During this time MTG was entering the first of two Bull Markets within a five-year span. The first was Innistrad/RTR. This standard period was one of the best in recent memory due to card quality in standard. Liliana of The Veil, Snapcaster Mage, Cavern of Souls, and Shocklands were all in standard. The average standard magic collection had eternal appeal due to the power level of the environment which in turn made it far easier to trade up the latter into reserved list cards. This price gap between the most expensive cards in standard LOTV ($50) and Underground Sea ($180), created a rift that pushed everything in Legacy up 100% and Modern up 75%. Grinding the gap allowed me to pay for several undergraduate classes.

Around this time, I also started paying attention to the arbitrage available between online stores and local vendors. With local stores needing cash flow to survive, they often had to choose between expensive cards in the display case and inventory that is applicable to the majority of the player base. Stores all over the country need to sell cards to stay in business, the specific cards they sell are far less important. My local area had more casual players than competitive players, which meant that cards like Elvish Mystic and Doom Blade were always in high demand. With less than 1% of customers being seriously interested in cards over $100, the novelty of dual lands and power was dubious for the vendors in question but more useful to me in my expanding sphere of activity.

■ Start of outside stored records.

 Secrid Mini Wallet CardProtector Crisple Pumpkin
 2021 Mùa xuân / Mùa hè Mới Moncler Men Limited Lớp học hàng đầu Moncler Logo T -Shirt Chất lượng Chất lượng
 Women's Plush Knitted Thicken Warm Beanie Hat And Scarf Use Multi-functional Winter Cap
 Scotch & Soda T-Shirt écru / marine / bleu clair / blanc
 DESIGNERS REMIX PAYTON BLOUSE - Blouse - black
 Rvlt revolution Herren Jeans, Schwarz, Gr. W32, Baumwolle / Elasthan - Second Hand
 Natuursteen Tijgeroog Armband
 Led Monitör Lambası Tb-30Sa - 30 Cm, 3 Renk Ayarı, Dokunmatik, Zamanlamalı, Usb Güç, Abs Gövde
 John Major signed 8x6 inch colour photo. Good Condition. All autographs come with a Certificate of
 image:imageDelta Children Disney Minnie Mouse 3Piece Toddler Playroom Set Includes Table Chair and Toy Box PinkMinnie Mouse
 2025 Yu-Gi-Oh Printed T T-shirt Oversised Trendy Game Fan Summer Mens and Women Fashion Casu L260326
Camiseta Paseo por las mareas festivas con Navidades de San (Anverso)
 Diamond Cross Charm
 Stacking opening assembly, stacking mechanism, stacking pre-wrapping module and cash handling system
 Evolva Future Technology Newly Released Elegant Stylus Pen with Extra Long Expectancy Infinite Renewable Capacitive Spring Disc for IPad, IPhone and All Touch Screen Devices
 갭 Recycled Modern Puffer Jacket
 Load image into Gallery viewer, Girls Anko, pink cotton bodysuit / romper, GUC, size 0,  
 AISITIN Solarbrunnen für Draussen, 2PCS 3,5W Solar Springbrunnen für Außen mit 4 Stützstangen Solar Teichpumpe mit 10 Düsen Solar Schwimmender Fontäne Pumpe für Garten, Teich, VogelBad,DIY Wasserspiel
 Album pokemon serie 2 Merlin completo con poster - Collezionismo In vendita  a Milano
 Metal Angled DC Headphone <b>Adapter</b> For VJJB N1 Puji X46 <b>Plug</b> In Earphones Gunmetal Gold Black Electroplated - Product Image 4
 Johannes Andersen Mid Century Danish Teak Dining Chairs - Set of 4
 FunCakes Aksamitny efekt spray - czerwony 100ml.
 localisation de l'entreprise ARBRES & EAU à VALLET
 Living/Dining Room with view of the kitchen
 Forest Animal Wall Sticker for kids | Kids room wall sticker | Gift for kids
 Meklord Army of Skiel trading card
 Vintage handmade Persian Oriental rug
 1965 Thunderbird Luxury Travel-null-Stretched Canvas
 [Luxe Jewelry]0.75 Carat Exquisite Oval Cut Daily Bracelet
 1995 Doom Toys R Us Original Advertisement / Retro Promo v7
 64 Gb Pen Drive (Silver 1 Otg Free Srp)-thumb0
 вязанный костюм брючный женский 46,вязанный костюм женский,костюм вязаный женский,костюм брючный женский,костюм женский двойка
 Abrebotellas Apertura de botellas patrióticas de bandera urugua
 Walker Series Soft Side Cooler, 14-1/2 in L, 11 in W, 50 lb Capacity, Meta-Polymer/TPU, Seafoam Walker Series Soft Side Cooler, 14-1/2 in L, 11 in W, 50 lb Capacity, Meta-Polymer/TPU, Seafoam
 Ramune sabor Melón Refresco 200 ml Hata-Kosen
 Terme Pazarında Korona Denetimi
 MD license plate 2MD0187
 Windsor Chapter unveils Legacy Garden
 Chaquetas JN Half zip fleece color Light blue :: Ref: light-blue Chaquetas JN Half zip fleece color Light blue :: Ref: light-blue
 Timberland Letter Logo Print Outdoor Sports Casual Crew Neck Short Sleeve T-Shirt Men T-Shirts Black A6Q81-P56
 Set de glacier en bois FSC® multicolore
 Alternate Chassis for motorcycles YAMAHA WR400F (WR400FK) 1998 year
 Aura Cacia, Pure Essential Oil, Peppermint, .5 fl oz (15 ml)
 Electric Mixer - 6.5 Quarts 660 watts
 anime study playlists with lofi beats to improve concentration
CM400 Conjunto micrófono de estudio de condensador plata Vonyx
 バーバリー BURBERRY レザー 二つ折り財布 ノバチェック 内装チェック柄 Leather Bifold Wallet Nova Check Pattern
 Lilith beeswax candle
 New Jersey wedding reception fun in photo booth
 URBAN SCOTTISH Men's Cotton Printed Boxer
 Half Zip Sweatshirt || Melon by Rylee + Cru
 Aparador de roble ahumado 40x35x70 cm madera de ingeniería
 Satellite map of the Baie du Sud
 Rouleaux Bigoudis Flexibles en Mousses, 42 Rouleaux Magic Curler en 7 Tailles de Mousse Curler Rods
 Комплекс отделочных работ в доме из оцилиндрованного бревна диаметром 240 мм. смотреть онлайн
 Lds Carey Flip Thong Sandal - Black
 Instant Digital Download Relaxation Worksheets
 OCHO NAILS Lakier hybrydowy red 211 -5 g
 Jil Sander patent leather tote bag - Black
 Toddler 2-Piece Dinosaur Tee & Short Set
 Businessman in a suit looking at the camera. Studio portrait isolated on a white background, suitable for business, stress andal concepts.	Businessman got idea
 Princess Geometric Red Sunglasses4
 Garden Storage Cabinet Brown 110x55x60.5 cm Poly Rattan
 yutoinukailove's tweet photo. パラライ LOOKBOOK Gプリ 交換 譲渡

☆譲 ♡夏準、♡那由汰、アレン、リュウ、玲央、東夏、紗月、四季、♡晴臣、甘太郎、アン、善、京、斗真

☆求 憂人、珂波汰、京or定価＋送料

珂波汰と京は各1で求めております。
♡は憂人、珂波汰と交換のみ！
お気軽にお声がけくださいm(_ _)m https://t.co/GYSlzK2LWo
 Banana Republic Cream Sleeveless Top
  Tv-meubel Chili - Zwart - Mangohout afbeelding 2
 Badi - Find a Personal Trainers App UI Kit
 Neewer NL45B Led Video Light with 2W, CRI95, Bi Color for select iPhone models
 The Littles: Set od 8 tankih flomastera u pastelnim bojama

With this information I would aggressively trade down to commons and uncommons that were prevalent in the community and either buylist to stores or just outright sell online in lots of four. The key to this process was understanding the market and leaning into discounted prices on recently reprinted staples as they would near peak supply.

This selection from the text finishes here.